(Data items)
⟨

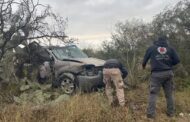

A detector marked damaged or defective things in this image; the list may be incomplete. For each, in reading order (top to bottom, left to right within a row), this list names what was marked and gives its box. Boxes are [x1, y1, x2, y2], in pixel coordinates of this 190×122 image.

crashed vehicle [14, 42, 105, 93]
damaged suv [15, 42, 105, 94]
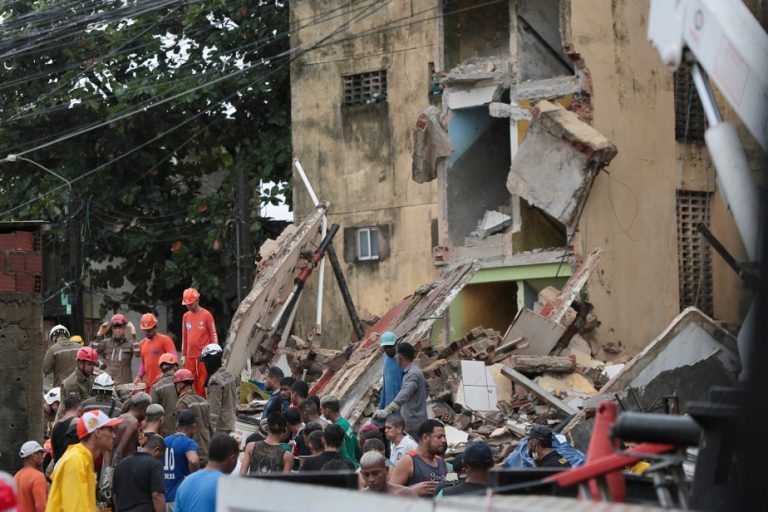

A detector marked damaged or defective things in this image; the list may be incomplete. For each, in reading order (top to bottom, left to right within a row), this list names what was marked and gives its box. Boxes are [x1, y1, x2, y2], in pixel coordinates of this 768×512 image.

broken window frame [344, 69, 388, 106]
damaged concrete wall [292, 1, 440, 348]
broken wall [292, 1, 440, 348]
broken window frame [356, 227, 380, 262]
broken wall [0, 292, 43, 472]
damaged concrete wall [0, 292, 43, 472]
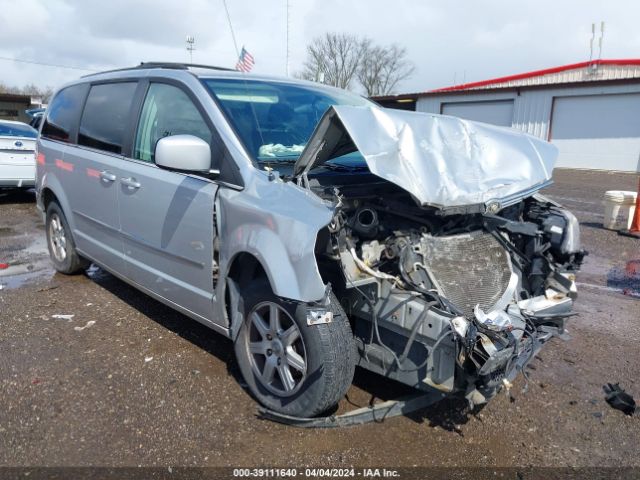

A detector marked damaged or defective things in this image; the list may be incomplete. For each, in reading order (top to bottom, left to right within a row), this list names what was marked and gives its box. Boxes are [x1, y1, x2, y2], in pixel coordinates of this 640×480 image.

crumpled hood [292, 104, 556, 209]
severe front damage [290, 106, 584, 404]
damaged radiator [420, 230, 516, 316]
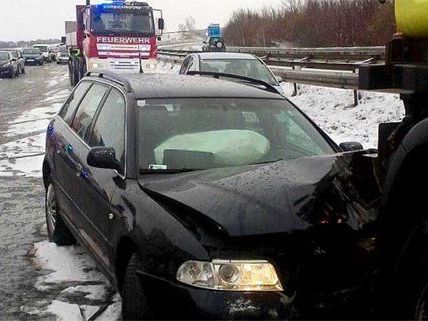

⟩

> **What is needed**: Please print exactly the lines from the line containing "this 640×480 image." through the end of the records above, both included, leaving out every picture.

> **Solution to this problem**:
A detector marked damaged or defective things in this image; the list may be incomplete. For each, in reading order (top to bottom, left to right within a row), this list names what was marked and gives its box. Boxes are [x1, y1, x2, y2], in pixel coordinates of this 640×480 image.

crumpled hood [292, 104, 556, 209]
severe front damage [290, 106, 584, 404]
damaged radiator [420, 230, 516, 316]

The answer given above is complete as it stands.